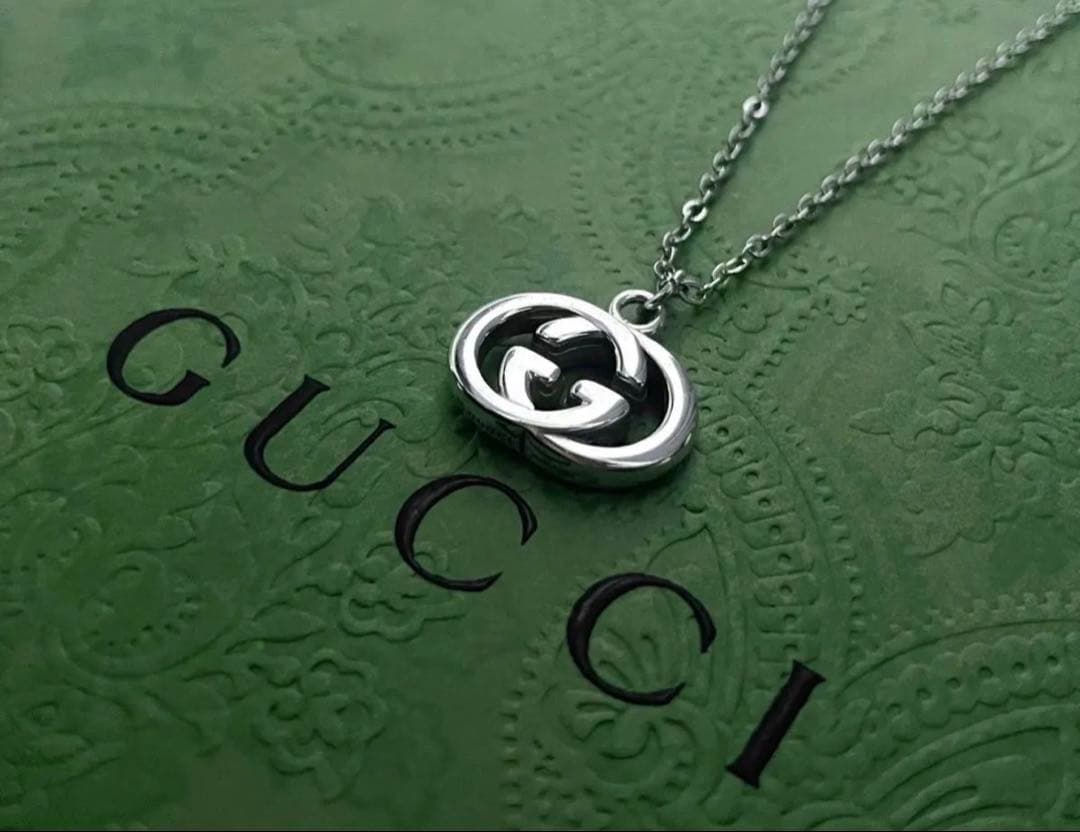 GUCCI ダブルGロゴ ネックレス - メルカリ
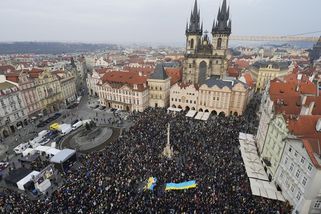 Tisíce lidí v Praze si připomněly začátek invaze na Ukrajinu, promluvil prezident Pavel - Novinky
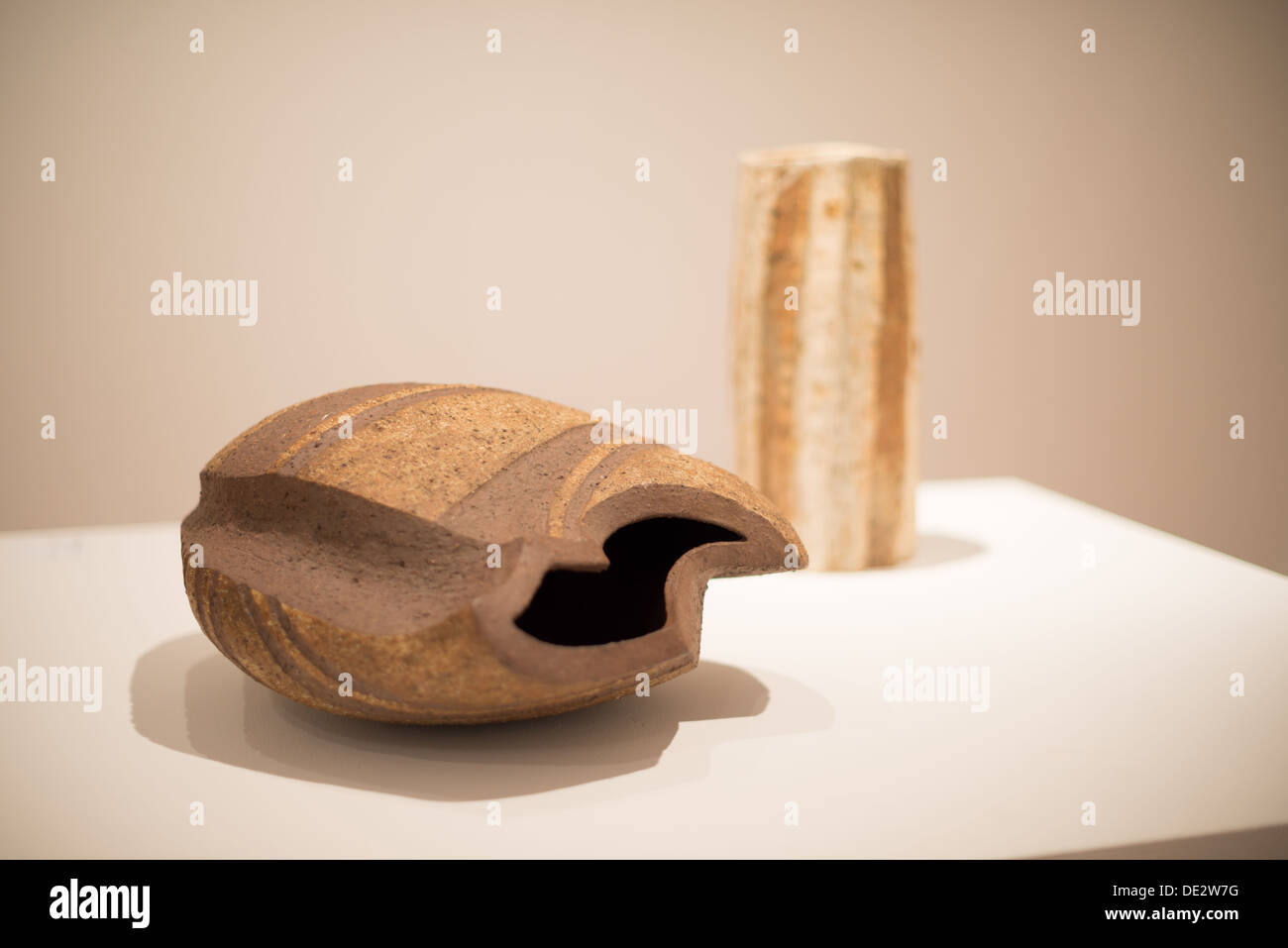 WASHINGTON DC, Vereinigte Staaten – „Vessel Object“ und „Jarron (Vase)“ des peruanischen Künstlers Carlos Runcie Tanaka sind im Art Museum of the Americas im Rahmen der Ausstellung „Fusion: Tracing Asian Migration to the Americas“ durch die Sammlung von AMA zu sehen. Die Ausstellung beleuchtet den Einfluss der asiatischen Migration auf die lateinamerikanische Kunst. Stockfoto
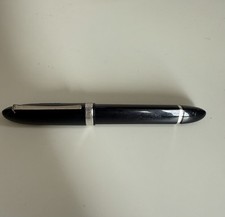 MAGNIFIQUE STYLO ROLLER OMAS 360 EN RESINE NOIRE - FINITION PLATINUM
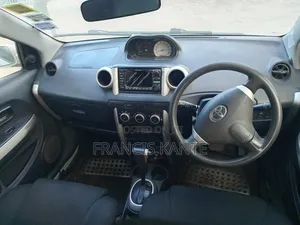 Toyota IST 2008 White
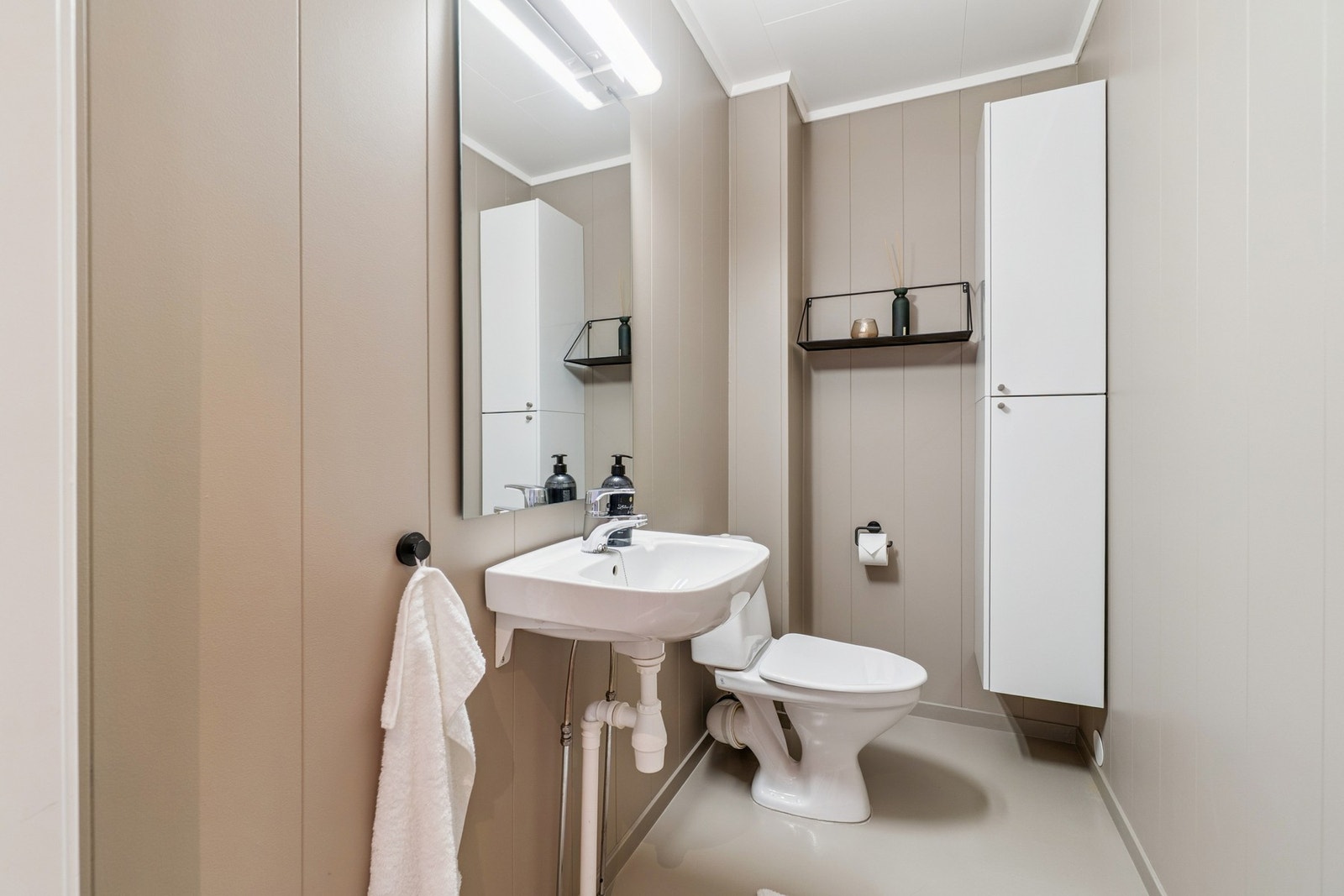 På samme plan som stue og kjøkken har du et praktisk toalettrom slik at du slipper å bevege deg mellom etasjene. Galleribilde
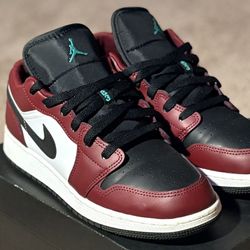 Jordan 1s (low) - Dark Beetroot/Black-Roma Green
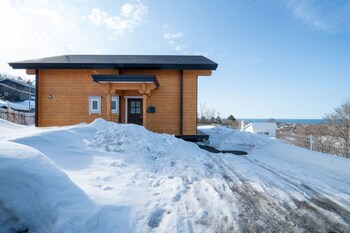 the crestview lodge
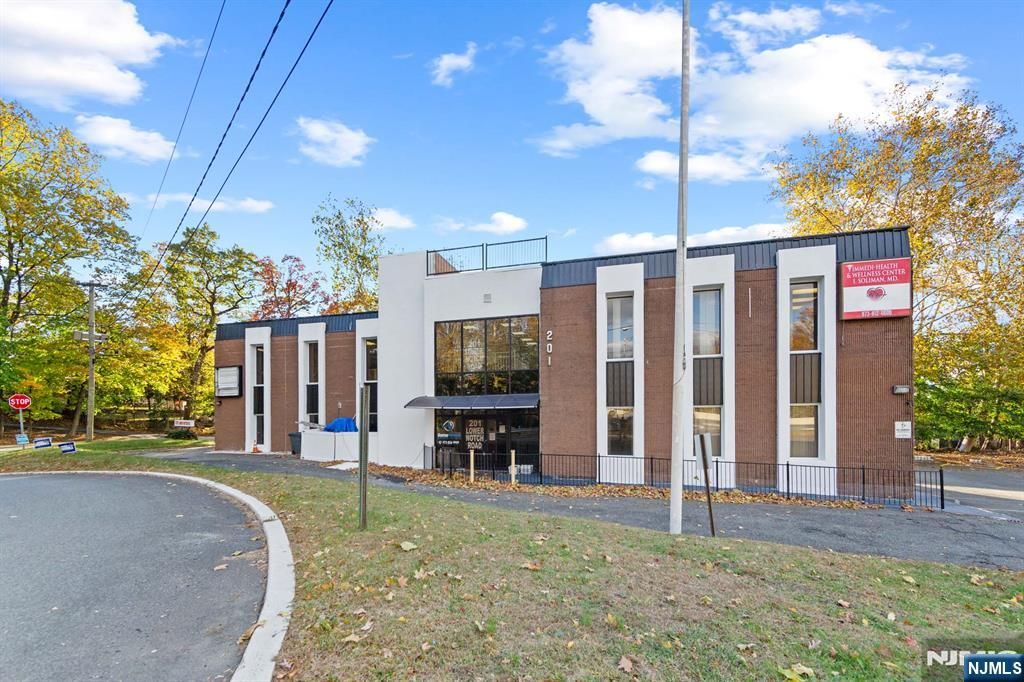 Photo of 201 Lower Notch Road, Little Falls, NJ 07424 (MLS # 25039624)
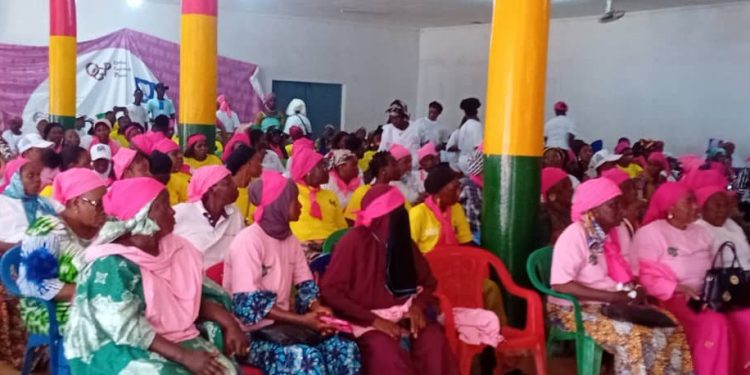 Kindia : les jeunes femmes leaders mobilisées contre le cancer du sein et du col de l’utérus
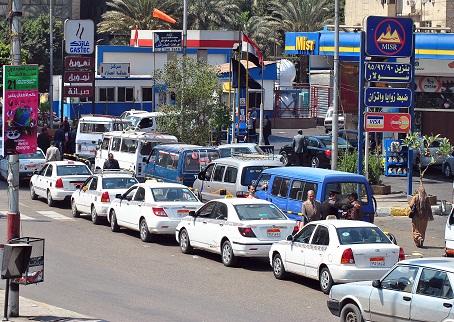 وزارة التموين تعلن: اختفاء أزمة البنزين والسولار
********
● **TASK OBJECTIVE**
Pictures are to be dropped, and the lines from the line with "Toyota IST 2008 White" through the end of the material above are to be reproduced exactly.

● **EXERCISE SOLUTION**
 Toyota IST 2008 White
 På samme plan som stue og kjøkken har du et praktisk toalettrom slik at du slipper å bevege deg mellom etasjene. Galleribilde
 Jordan 1s (low) - Dark Beetroot/Black-Roma Green
 the crestview lodge
 Photo of 201 Lower Notch Road, Little Falls, NJ 07424 (MLS # 25039624)
 Kindia : les jeunes femmes leaders mobilisées contre le cancer du sein et du col de l’utérus
 وزارة التموين تعلن: اختفاء أزمة البنزين والسولار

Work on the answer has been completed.